Response-guided therapy

Response-guided therapy describes the adjustment or cessation of the treatment course based on viral kinetics after initiation (Figures 2 and 3). Response-guided therapy criteria are shown in Figures 2 and 3. For those without advanced fibrosis/cirrhosis, it is possible that if certain benchmarks are met, the course may be significantly shortened. In the case of PegIFN/ribavirin/telaprevir, HCV RNA at weeks 4 and 12 should both be undetectable (defining an extended rapid virologic response) to allow a shortened total course of 24 weeks [29]. For PegIFN/ribavirin/boceprevir, the testing is done at weeks 8 and 24; if both timepoints are completely negative for virus, then the total course can be shortened to 28 weeks [25]. An important feature of applying response-guided therapy for shortening treatment is the use and interpretation of sensitive assays.
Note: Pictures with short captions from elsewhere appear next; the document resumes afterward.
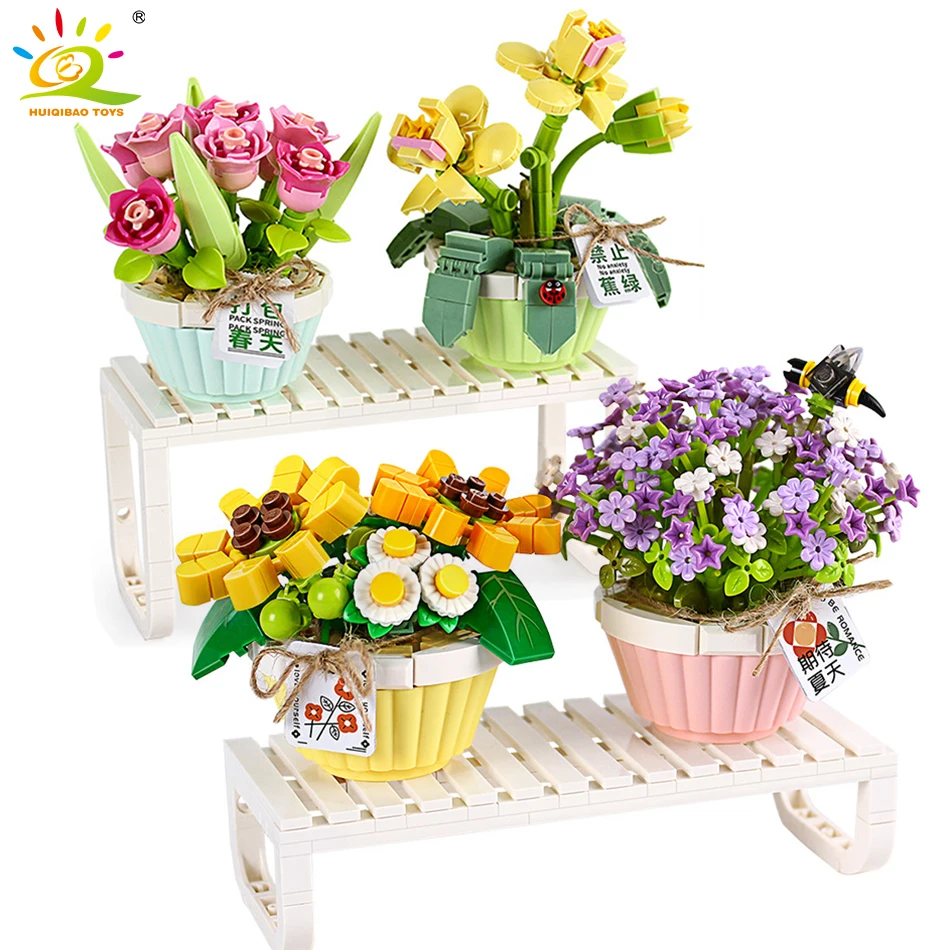 

HUIQIBAO City Creativity Flower Bouquet Potted Plant Mini Building Blocks Tulip Sunflower Model Micro Decor Bricks Children Toys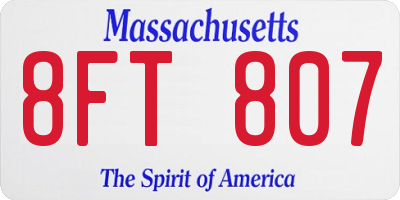 MA license plate 8FT807
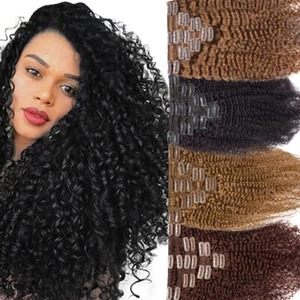 Dicke 120g Afro Kinky Curly 8 Stück Clip in 100% Echthaar Extensions Double Weft - Bild 1 von 23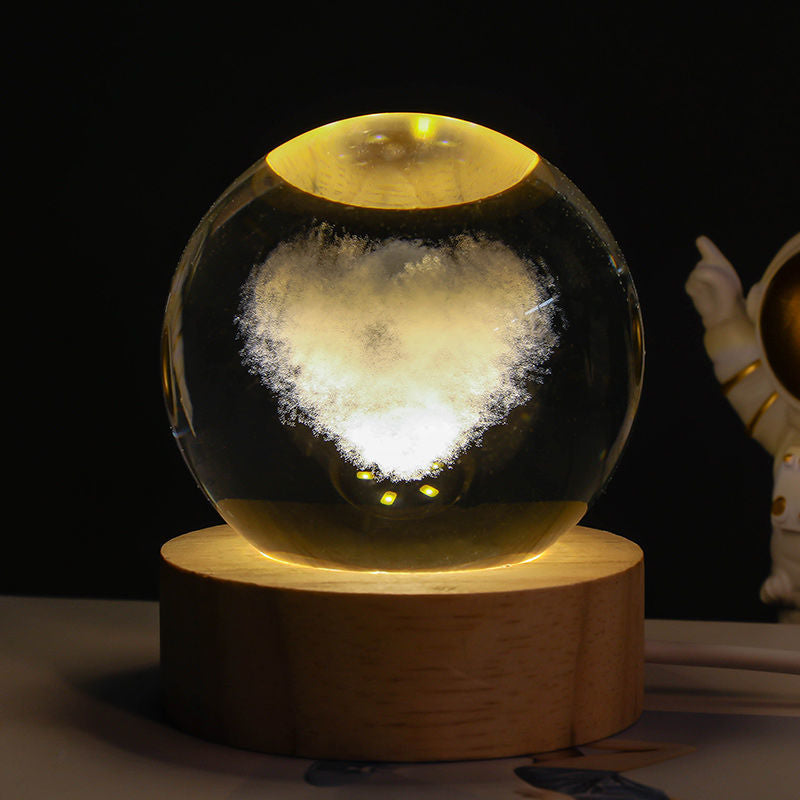 Starry Sky & Moon Crystal Ball Night Lamp – LED Projection Ambient Light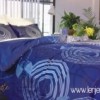 Lenjerie de pat bleumarin cu cercuri albastre din bumbac satinat TAC
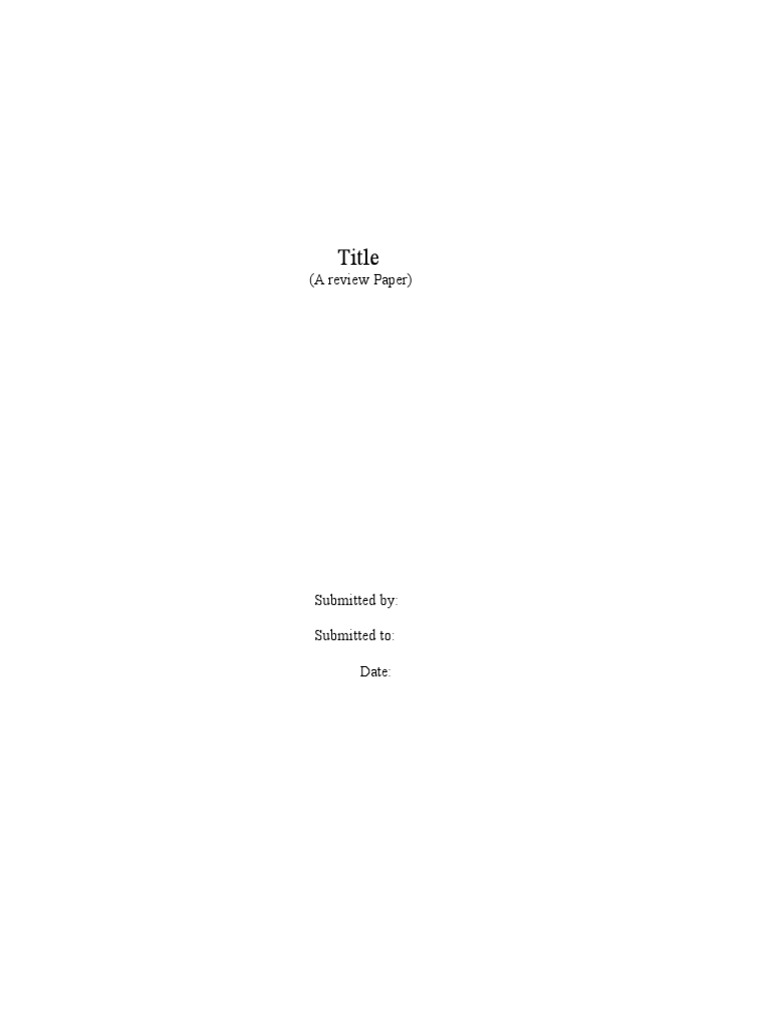 Review Paper Structure and Guidelines | PDF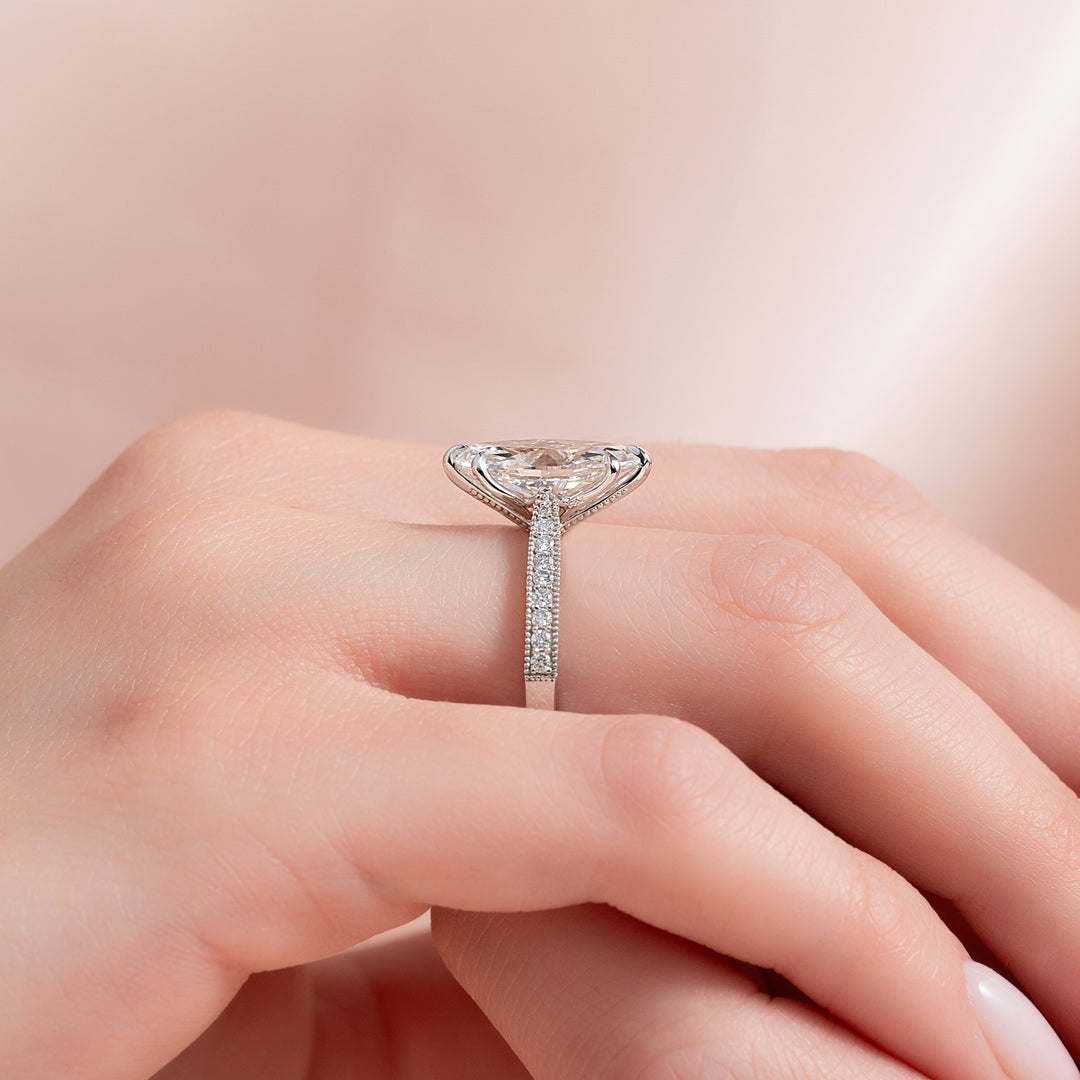The Josephine Marquise Lab Diamond Moissanite Engagement Ring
Recommended assays should have a lower limit of quantification of 25 IU/mL of HCV RNA and a lower limit of detection of around 10-15 IU/mL. These assays may, therefore, report levels <25 IU/mL, which can be detected but are unquantifiable. Response-guided therapy that results in shortened therapy should be based on results of “undetectable” or “target not detected” [30]. In 2013, based on the algorithm presented in Figure 1, those with advanced fibrosis/cirrhosis are most likely to be treated with current regimens. Those with cirrhosis are at a particularly high risk of lower response rates if therapies are shortened; thus, currently, the full duration of 48 weeks is recommended (Figures 2 and 3). The other principle of response-guided therapy is the cessation of therapy based on viral measurements revealing insufficient response and ultimately futility of further treatment. These “stopping rules” are also described in Figures 2 and 3. For PegIFN/ribavirin/boceprevir, if HCV RNA is greater than 100 IU/mL at week 12 or detectable at week 24, then all three medications should be stopped. For PegIFN/ribavirin/telaprevir, if HCV RNA is greater than 1000 IU/mL at week 4 or 12 or is detectable at week 24, then medication should be stopped.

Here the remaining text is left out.